As traditions go, the practice of exchanging diamond promise rings isn't particularly old; it took root only in the 1990s (traditions have to begin sometime, after all). Think of diamond promise rings as the modern equivalent of class rings and fraternity pins, the exchange of which began just a half-century earlier, in the 1940s and 1950s. Before then there were betrothal rings, but they evolved into modern engagement rings, which is a whole different subject altogether. Ideally, diamond promise rings are meant to lead directly to engagement rings, and generally they do.
Diamond promise rings come in a variety of styles (many of them available right here at Novori), crafted to fit a variety of budgets. The tendency, however, is to keep the price under $500. They usually differ from engagement rings by being smaller and made of more inexpensive metals, which puts most diamond promise rings within the price ranges of the younger people who are more likely to wear them. Often they take the form of a small diamond set in a yellow or white gold band; diamond chips are often used as accents. (Naturally there are diamond promise rings that are much more opulent, for the Donald Trumps among us). Heart-shaped settings and engraved names are common features, as are floral accents and the inclusion of semi-precious stones as well as diamonds.
Though diamond promise rings usually represent a pre-engagement commitment, this isn't always the case. Sometimes they're used to symbolize religious purity: someone may wear a diamond promise ring to represent their devotion to a particular saint, or their promise of sexual purity until marriage. In the latter manifestation, they're often gifts from parents to their adolescent children. In some cases, they mean little more than the old school-ring exchanges of the past: they signify a monogamous relationship that may or may not proceed to engagement or marriage. Sometimes, diamond promise rings are even just friendly gifts -- friends, whether a boy and girl or two girls, exchange them without any expectation of a binding commitment. They may simply represent a secret kept, vows not to drink or smoke, or reminders of each other when separated.

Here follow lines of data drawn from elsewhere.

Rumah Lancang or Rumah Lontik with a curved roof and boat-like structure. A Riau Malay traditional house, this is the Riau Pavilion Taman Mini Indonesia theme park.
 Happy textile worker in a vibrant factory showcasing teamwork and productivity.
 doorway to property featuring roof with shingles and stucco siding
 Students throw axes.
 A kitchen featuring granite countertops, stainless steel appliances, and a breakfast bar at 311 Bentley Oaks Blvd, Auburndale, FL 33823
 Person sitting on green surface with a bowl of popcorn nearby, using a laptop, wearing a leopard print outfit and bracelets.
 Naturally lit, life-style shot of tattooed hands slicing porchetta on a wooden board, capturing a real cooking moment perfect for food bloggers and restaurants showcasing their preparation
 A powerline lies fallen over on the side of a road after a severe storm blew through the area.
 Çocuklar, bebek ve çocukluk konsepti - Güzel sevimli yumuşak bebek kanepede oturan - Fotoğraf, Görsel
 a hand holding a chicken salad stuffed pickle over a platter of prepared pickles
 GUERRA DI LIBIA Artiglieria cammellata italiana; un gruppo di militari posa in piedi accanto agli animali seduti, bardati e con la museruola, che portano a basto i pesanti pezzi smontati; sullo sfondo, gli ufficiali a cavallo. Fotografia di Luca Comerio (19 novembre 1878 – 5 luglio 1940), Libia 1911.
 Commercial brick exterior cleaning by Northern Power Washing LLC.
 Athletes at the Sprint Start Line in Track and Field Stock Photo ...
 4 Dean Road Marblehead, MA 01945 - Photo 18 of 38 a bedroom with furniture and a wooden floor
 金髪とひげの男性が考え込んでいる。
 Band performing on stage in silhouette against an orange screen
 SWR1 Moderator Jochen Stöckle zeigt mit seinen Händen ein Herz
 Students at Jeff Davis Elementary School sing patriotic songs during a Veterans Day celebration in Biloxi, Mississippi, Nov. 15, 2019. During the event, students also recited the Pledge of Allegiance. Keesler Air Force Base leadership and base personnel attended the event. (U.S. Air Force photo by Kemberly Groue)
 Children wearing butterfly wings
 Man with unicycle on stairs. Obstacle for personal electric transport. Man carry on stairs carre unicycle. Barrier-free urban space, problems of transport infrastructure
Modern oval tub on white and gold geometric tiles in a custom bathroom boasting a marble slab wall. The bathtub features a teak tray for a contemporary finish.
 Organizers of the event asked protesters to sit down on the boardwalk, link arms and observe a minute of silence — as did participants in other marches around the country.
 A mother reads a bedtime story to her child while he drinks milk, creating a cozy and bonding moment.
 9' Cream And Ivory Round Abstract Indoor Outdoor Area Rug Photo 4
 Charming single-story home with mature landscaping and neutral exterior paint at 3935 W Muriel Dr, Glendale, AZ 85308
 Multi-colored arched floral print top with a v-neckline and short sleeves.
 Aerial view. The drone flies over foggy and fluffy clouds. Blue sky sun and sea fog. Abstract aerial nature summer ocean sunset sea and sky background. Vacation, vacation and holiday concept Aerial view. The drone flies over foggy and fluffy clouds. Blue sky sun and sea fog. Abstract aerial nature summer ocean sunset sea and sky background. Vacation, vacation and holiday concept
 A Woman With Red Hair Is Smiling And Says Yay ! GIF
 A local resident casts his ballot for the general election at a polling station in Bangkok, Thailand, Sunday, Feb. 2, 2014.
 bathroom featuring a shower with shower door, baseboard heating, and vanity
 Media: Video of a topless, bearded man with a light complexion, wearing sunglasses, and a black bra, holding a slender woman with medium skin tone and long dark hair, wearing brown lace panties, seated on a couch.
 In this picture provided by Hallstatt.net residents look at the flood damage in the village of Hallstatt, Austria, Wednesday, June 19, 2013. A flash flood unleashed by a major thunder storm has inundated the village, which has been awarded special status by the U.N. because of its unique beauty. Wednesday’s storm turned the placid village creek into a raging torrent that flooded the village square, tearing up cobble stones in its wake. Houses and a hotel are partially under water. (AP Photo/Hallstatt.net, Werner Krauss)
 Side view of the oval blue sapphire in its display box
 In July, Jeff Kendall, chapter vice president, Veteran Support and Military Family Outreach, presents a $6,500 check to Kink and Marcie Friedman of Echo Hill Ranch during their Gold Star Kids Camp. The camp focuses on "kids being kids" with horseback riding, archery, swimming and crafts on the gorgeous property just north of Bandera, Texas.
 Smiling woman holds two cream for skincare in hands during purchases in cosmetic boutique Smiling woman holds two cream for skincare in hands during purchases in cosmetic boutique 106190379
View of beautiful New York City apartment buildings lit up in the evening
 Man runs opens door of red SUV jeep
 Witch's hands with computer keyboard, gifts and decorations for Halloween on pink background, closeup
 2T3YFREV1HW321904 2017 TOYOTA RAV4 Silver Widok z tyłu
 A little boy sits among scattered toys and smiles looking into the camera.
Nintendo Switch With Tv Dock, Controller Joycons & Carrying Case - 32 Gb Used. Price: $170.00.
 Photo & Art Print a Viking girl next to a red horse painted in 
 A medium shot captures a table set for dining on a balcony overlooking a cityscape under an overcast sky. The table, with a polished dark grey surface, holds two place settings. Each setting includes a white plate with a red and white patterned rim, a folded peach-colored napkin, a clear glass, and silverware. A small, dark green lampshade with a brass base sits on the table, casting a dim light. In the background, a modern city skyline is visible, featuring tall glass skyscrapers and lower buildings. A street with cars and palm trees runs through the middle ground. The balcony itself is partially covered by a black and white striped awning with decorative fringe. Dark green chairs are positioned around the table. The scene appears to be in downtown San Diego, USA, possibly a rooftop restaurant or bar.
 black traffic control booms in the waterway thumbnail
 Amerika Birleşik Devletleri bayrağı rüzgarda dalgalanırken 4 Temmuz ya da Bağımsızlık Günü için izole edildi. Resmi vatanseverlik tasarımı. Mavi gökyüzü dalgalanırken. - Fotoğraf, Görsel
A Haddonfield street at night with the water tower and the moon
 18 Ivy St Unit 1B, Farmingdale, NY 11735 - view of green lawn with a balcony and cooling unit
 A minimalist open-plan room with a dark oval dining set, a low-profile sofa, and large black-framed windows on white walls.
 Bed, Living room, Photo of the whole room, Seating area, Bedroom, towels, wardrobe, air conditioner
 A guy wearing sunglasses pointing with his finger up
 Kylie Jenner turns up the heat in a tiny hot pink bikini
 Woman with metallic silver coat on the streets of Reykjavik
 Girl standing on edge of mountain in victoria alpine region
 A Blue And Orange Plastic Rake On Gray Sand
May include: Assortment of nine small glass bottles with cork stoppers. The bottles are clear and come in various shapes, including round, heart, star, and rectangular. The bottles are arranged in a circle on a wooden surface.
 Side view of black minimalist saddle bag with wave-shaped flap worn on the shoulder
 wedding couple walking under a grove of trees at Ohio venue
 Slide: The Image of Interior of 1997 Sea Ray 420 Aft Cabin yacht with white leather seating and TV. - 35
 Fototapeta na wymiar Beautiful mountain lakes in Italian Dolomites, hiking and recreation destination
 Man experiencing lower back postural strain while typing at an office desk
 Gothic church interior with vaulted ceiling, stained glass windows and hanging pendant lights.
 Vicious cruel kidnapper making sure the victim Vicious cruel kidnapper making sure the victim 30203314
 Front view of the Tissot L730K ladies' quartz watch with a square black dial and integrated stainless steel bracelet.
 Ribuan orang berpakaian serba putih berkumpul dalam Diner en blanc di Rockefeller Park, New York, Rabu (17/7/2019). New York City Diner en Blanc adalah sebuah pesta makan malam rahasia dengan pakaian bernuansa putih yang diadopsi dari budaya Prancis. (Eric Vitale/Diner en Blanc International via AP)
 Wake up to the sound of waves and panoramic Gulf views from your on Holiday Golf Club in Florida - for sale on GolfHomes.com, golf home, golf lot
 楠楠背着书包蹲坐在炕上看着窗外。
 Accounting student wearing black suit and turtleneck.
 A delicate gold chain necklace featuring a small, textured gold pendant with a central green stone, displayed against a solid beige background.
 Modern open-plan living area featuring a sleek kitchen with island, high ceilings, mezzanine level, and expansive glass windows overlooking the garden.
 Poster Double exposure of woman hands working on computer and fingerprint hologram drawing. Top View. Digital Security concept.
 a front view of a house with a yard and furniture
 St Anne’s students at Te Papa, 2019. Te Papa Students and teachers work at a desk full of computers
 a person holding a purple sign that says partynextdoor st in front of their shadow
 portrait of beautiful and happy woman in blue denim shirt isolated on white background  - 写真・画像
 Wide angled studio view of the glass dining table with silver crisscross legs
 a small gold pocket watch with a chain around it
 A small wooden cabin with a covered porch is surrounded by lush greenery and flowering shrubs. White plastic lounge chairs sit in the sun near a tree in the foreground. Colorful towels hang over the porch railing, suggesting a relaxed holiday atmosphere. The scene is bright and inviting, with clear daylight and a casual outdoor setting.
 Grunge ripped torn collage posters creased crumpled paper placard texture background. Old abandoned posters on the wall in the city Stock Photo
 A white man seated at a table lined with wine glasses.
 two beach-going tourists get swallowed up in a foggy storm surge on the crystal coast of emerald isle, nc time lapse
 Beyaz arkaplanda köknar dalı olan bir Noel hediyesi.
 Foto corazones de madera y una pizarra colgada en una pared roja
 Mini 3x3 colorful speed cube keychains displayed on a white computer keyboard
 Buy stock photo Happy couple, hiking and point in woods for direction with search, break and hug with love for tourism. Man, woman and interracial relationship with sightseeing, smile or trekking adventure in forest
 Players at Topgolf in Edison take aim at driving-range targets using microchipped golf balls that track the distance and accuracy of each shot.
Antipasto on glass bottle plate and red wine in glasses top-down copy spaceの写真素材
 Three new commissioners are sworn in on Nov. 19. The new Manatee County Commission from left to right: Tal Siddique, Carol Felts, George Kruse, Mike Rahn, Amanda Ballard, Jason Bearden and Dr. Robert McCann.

Admittedly, the aforementioned circumstances are rarer than the traditional reason for exchanging diamond promise rings. If this is the case with you, you're stuck with having to decide the right moment to offer up a diamond promise ring. Whenever there's a promise to be made is a good time, naturally enough, but they're particularly apropos on anniversaries of special events in your relationship: your first date, your first kiss, or the day you met. Graduations and birthdays are good too. Whatever you do, when you exchange diamond promise rings, be sure that you both understand the intention. It wouldn't do to give your girl a promise ring, and have her believe it to be an engagement ring. That road can lead to broken hearts for both of you.